WORK REQUIRED:
Where the line containing "Inel pentru penis/bile" appears, start repeating, and continue exactly through the last line below, adding nothing. Include no pictures.

EXERCISE DATA:
+ + +

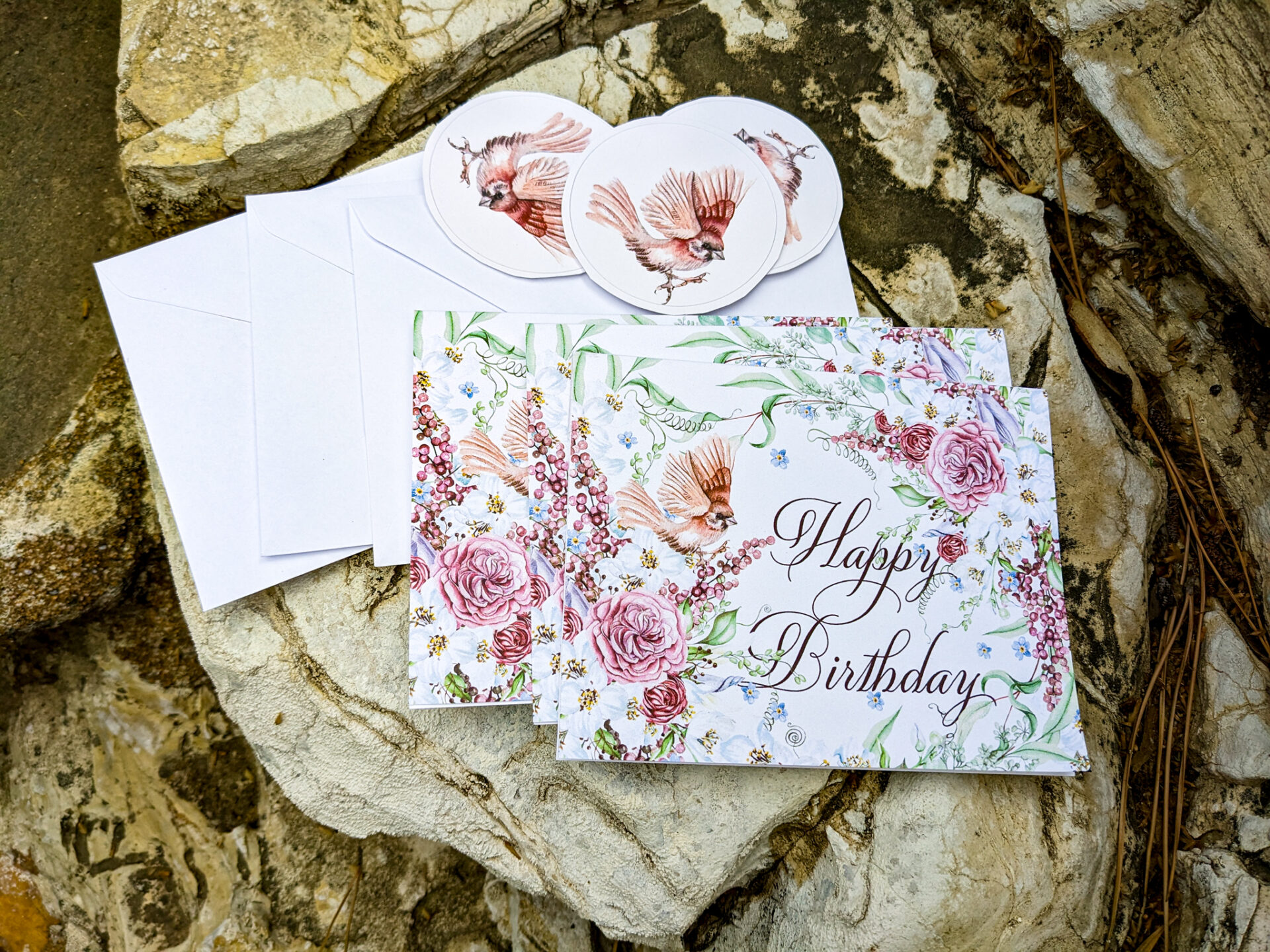 Floral Birthday Card with Flying Bird (9)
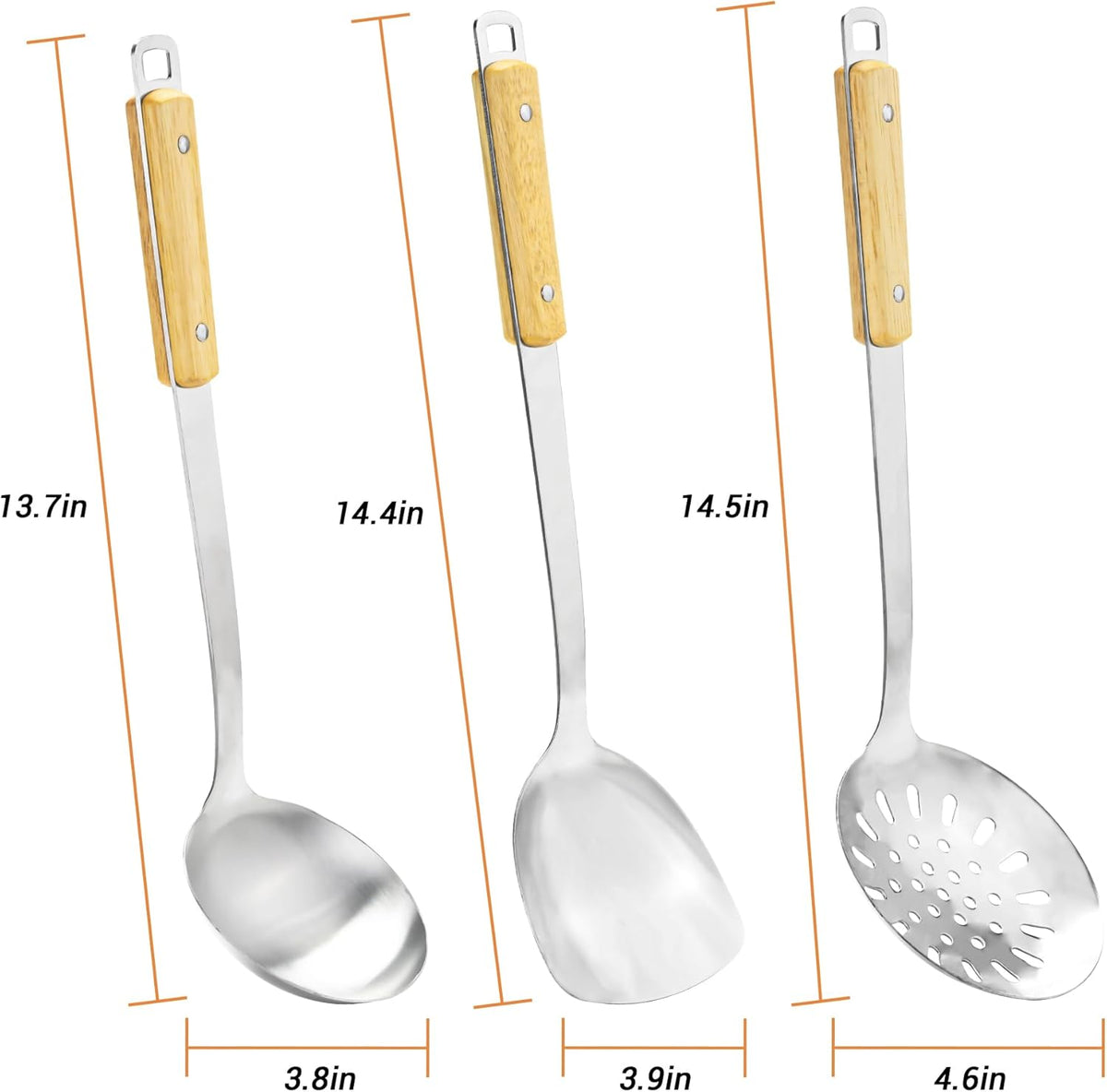 FJNATINH Wok Spatula and Ladle Skimmer Spoon - Stainless Steel Cooking Utensils Set of 3,Kitchen Wok Utensils Set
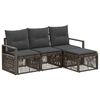 vidaXL Ensemble de canap&eacute; de jardin 4 pc Gris polyrotin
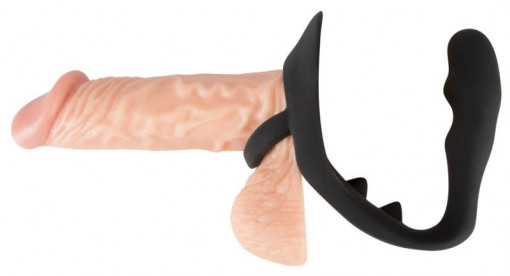 Inel pentru penis/bile cu plug anal pentru stimularea punctului P Ring &amp; plug - Img 3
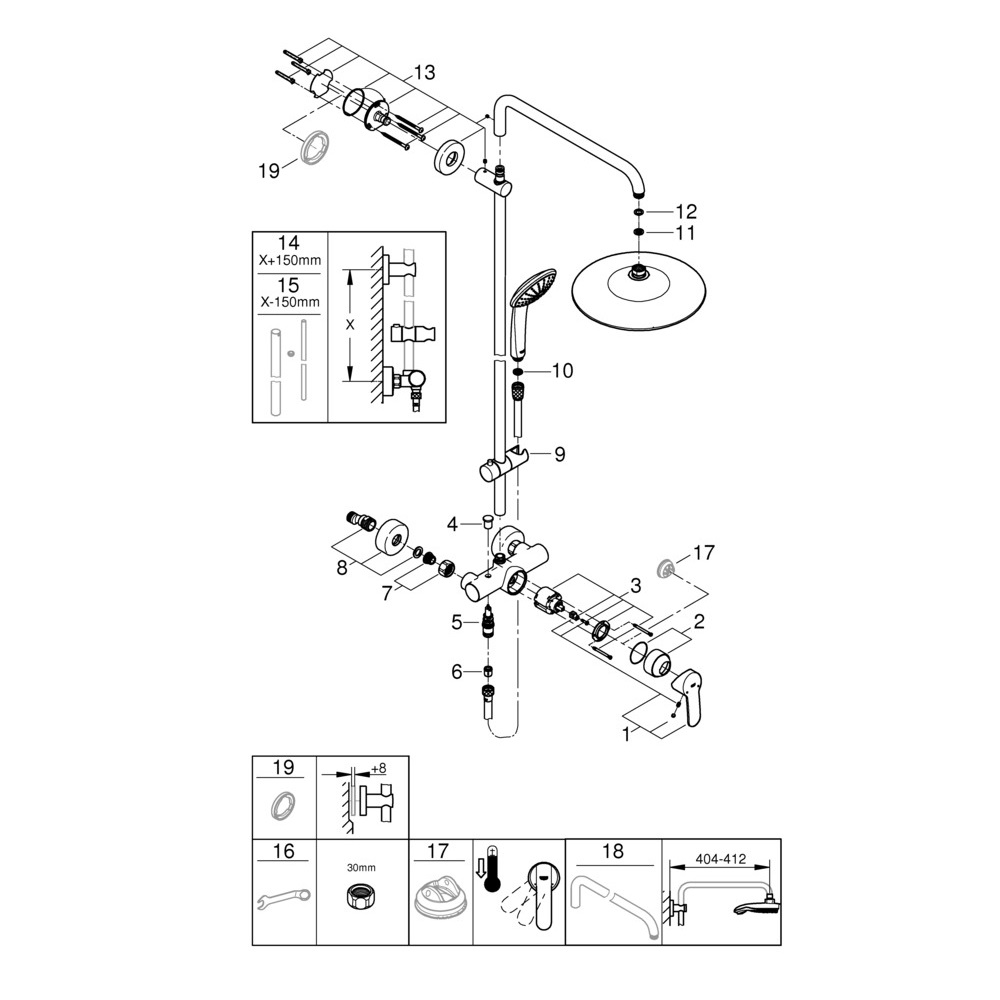 Душевая система GROHE Vitalio Joy с верхним душем D260 мм 3F с лейкой для душа D110 мм 3F со смесителем от Петрович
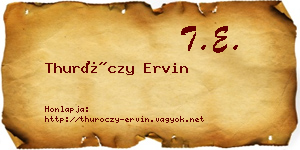 Thuróczy Ervin névjegykártya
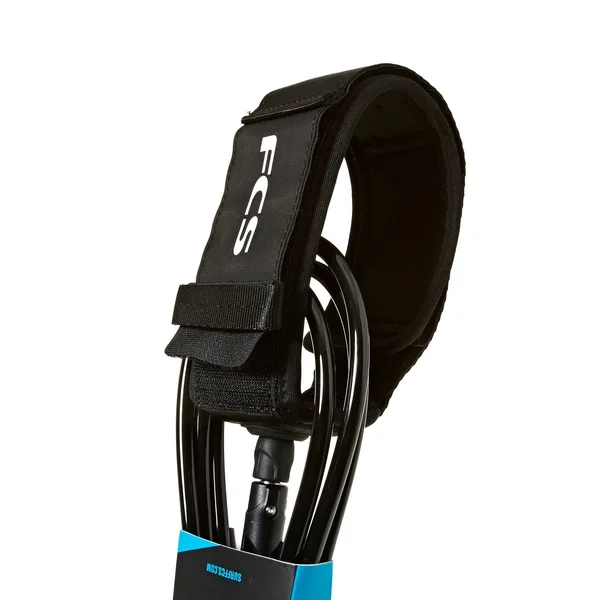 FCS Essential Longboard Leash Black 9ft0in Calf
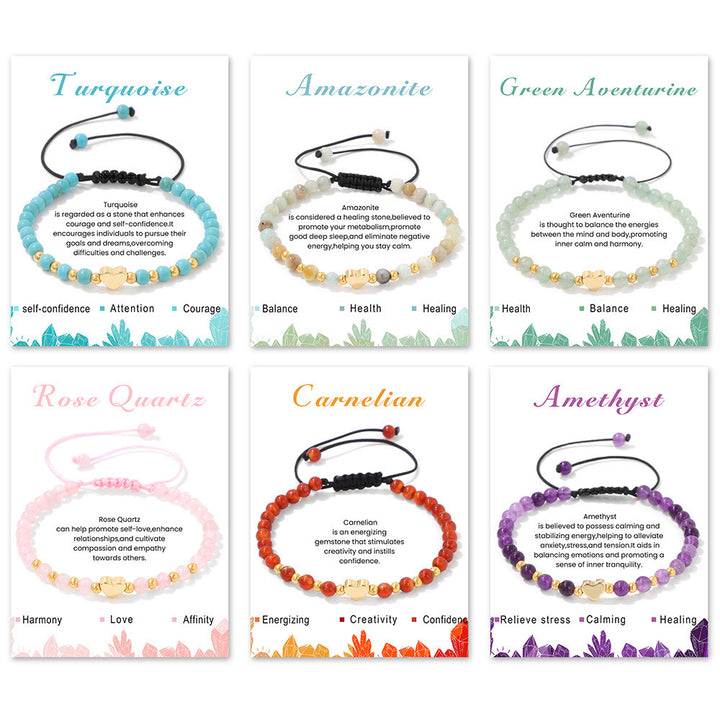 Pulsera de cordón con cuentas de cristal natural de 4 mm de Olivenorma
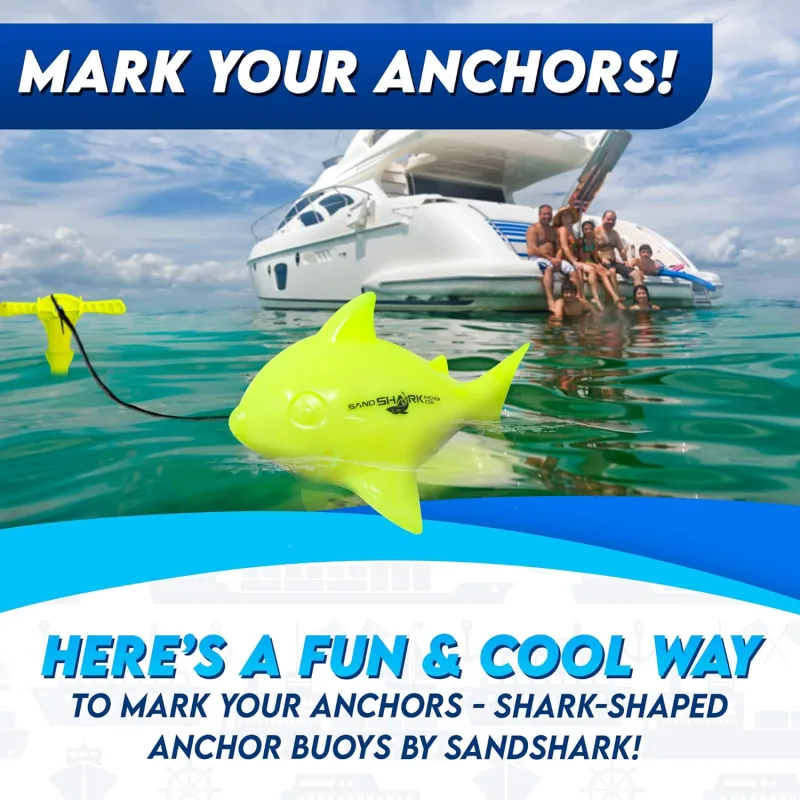 Floating Anchor Ball Marker Buoy by SandShark. Shark Shaped Pontoon Boat Accessories for Beach Fun. Boat Anchor Accessories for Shallow Water. High Visibility. 30" Bungee Cord (Neon Green).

+ + +

TASK SOLUTION:
 Inel pentru penis/bile cu plug anal pentru stimularea punctului P Ring &amp; plug - Img 3
 Душевая система GROHE Vitalio Joy с верхним душем D260 мм 3F с лейкой для душа D110 мм 3F со смесителем от Петрович
 Thuróczy Ervin névjegykártya
 FCS Essential Longboard Leash Black 9ft0in Calf
 Pulsera de cordón con cuentas de cristal natural de 4 mm de Olivenorma
 Floating Anchor Ball Marker Buoy by SandShark. Shark Shaped Pontoon Boat Accessories for Beach Fun. Boat Anchor Accessories for Shallow Water. High Visibility. 30" Bungee Cord (Neon Green).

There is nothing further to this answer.